Task: What is wanted is every line below from the one with "2022 Mini COOPER" up to and including the one with "Alternative Bridal Looks", retyped exactly, pictures excluded, nothing else.

[Scraped caption text data]
##########

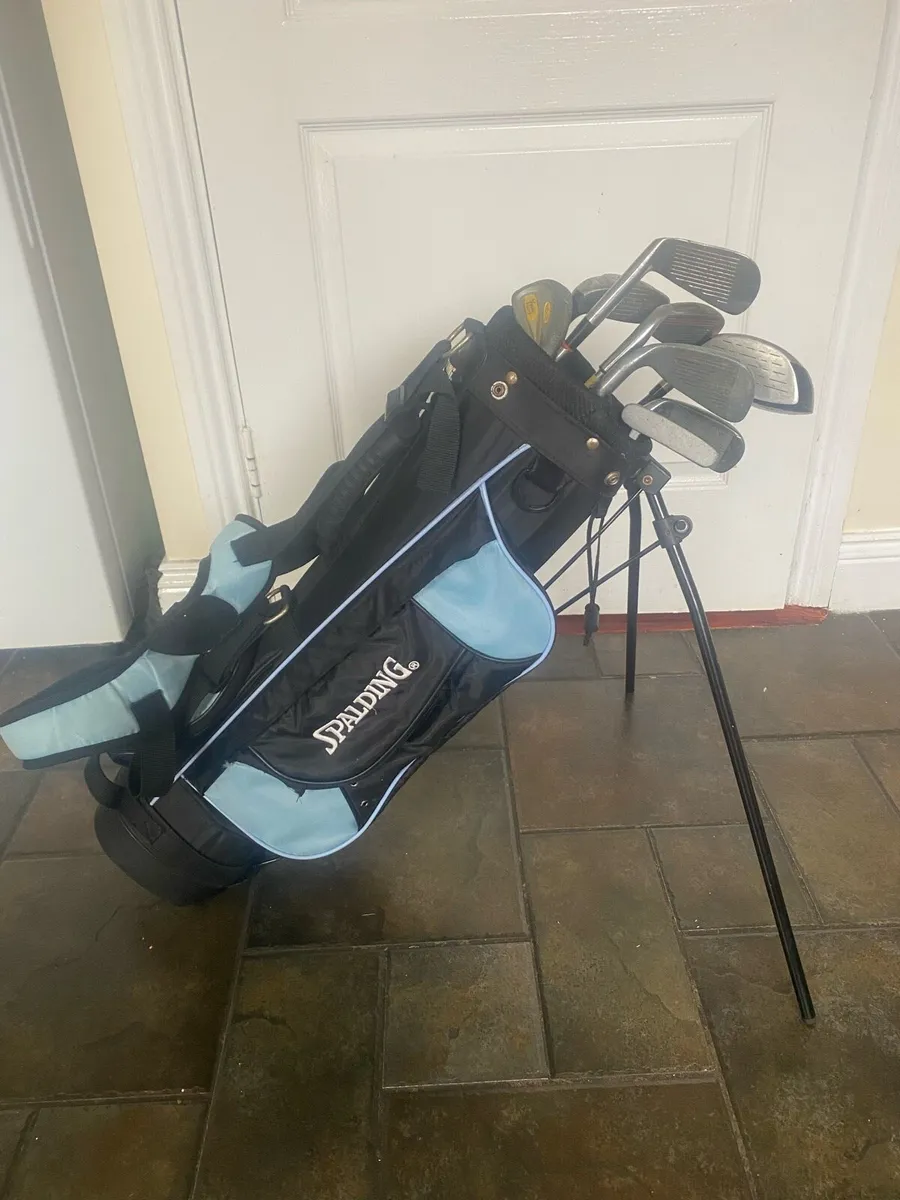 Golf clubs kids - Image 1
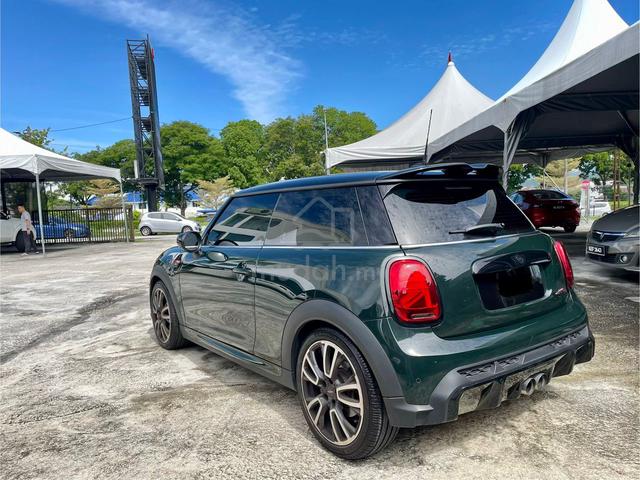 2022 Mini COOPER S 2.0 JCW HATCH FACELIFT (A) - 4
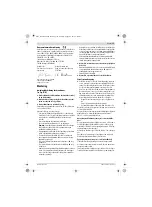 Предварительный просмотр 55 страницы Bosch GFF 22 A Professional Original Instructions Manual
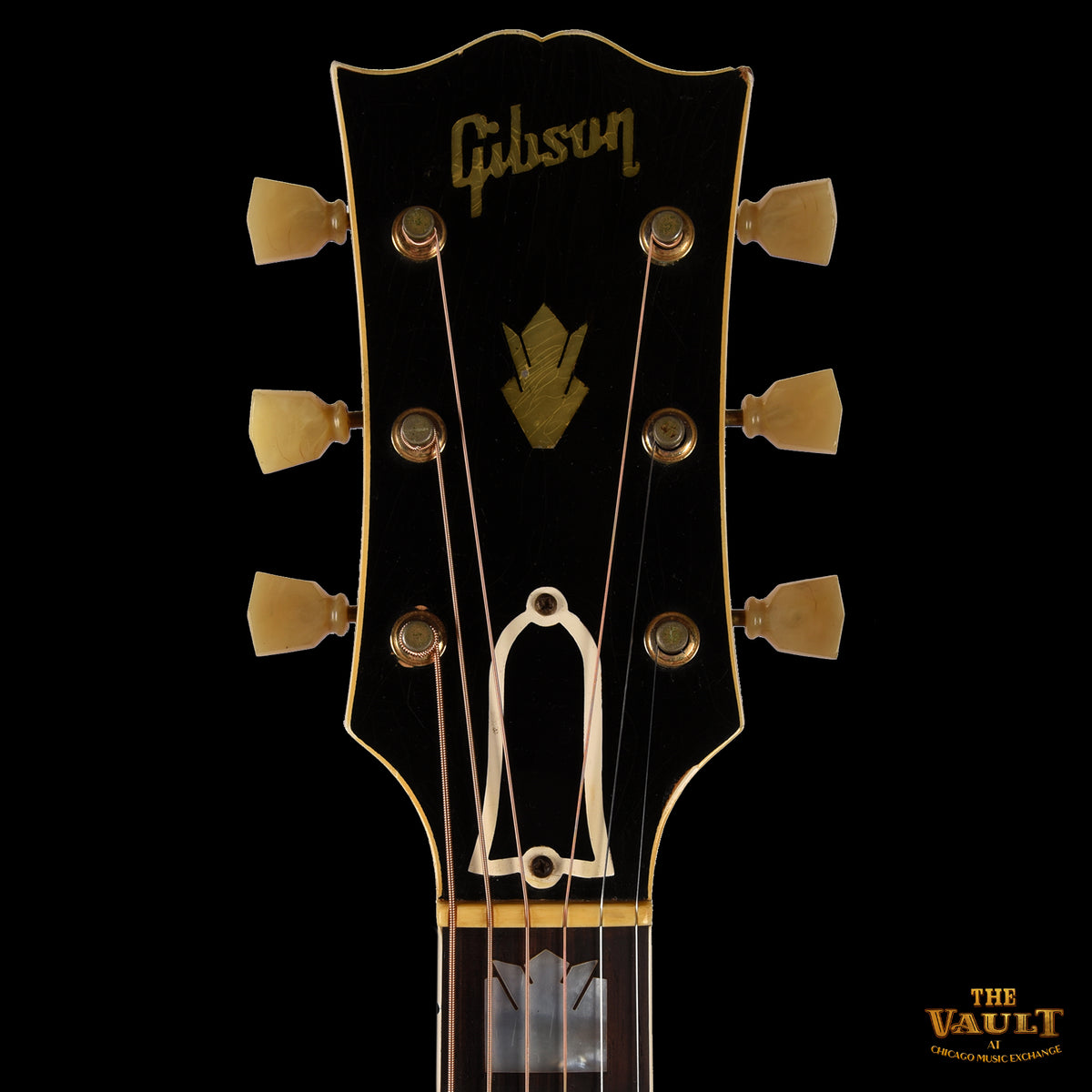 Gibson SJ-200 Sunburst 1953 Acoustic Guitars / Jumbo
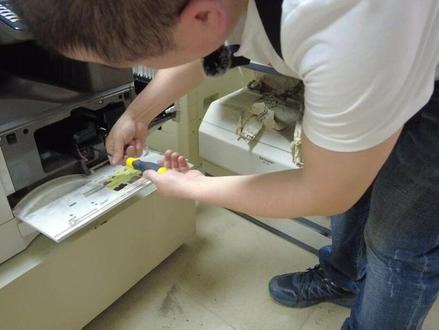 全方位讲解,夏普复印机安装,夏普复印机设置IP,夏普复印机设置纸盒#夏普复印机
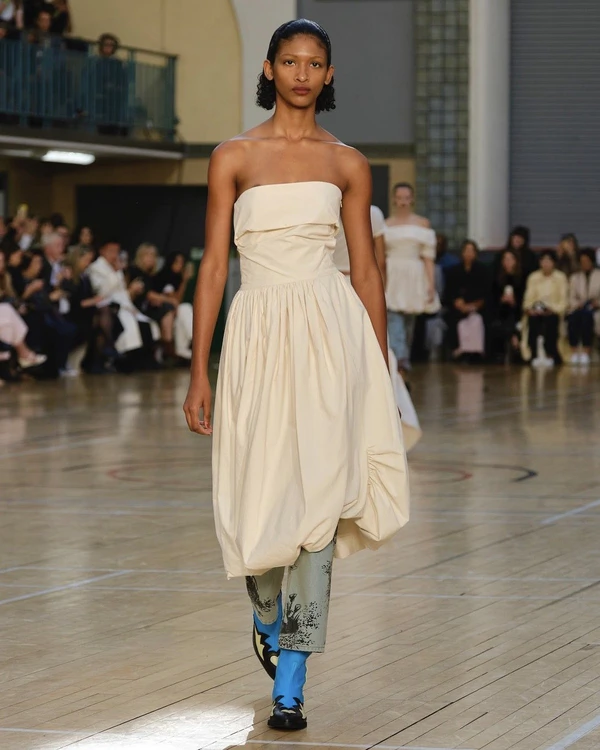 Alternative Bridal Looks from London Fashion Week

##########

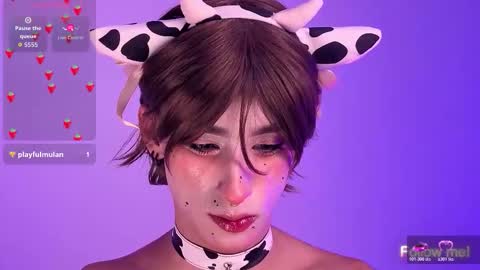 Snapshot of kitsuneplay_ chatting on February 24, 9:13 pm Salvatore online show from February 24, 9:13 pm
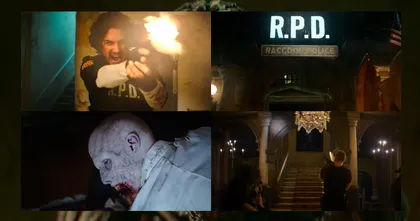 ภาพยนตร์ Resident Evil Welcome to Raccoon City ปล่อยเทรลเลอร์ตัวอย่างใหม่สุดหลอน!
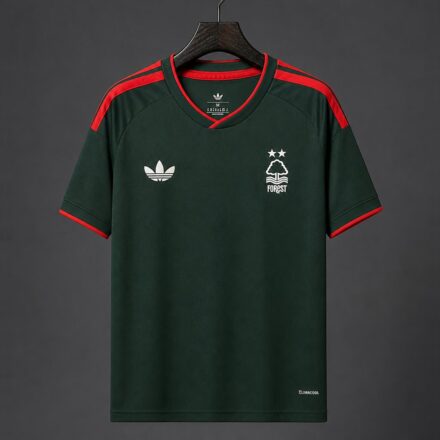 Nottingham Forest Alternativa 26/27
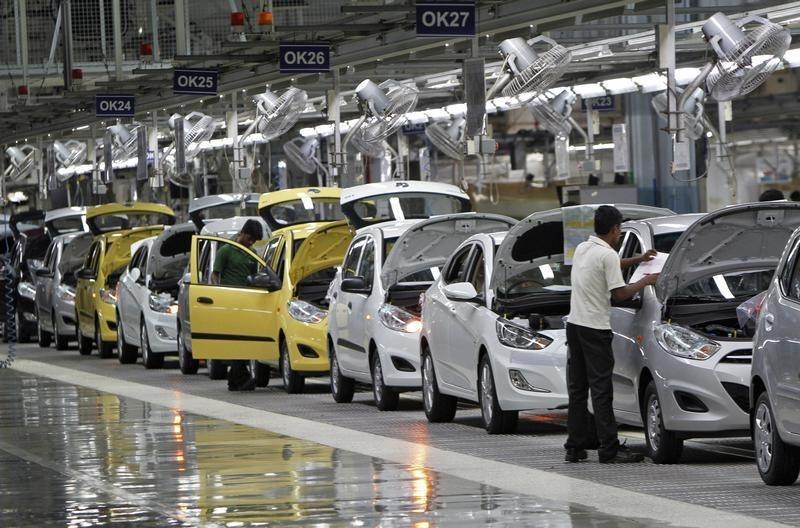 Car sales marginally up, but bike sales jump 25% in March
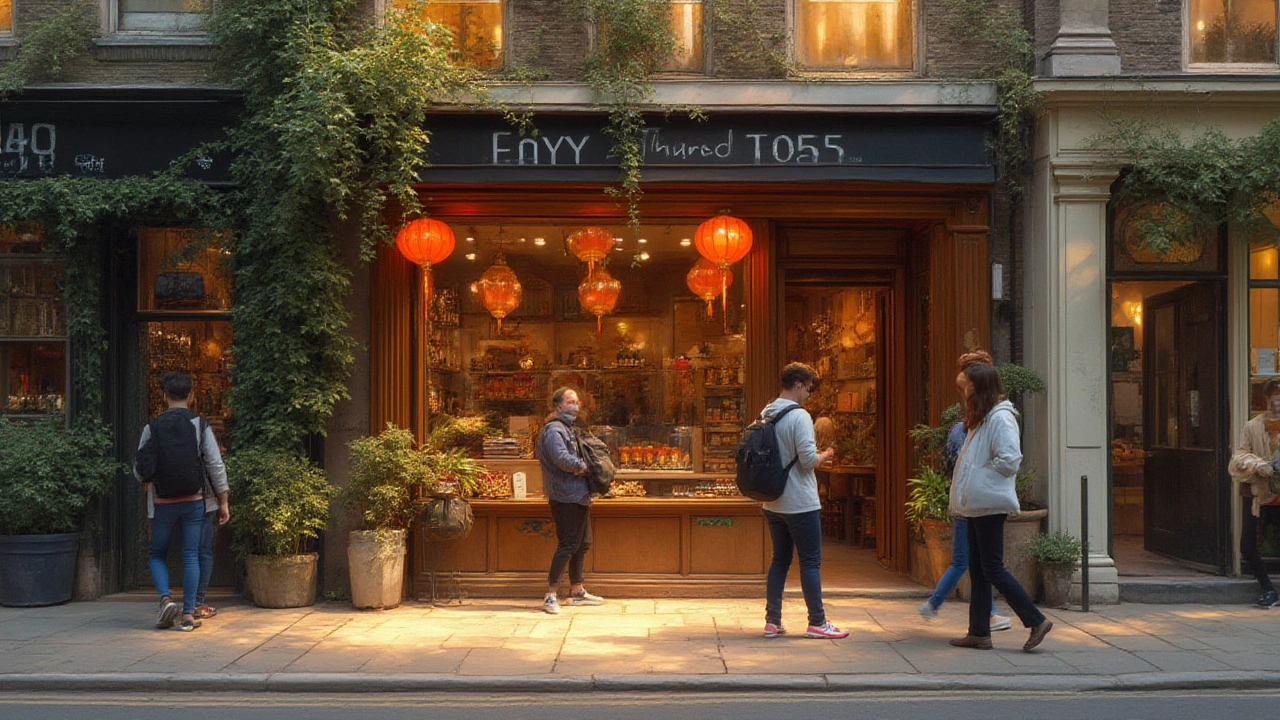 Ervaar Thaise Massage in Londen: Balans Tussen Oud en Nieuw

##########

Written answer:
 2022 Mini COOPER S 2.0 JCW HATCH FACELIFT (A) - 4
 Предварительный просмотр 55 страницы Bosch GFF 22 A Professional Original Instructions Manual
 Gibson SJ-200 Sunburst 1953 Acoustic Guitars / Jumbo
 全方位讲解,夏普复印机安装,夏普复印机设置IP,夏普复印机设置纸盒#夏普复印机
 Alternative Bridal Looks from London Fashion Week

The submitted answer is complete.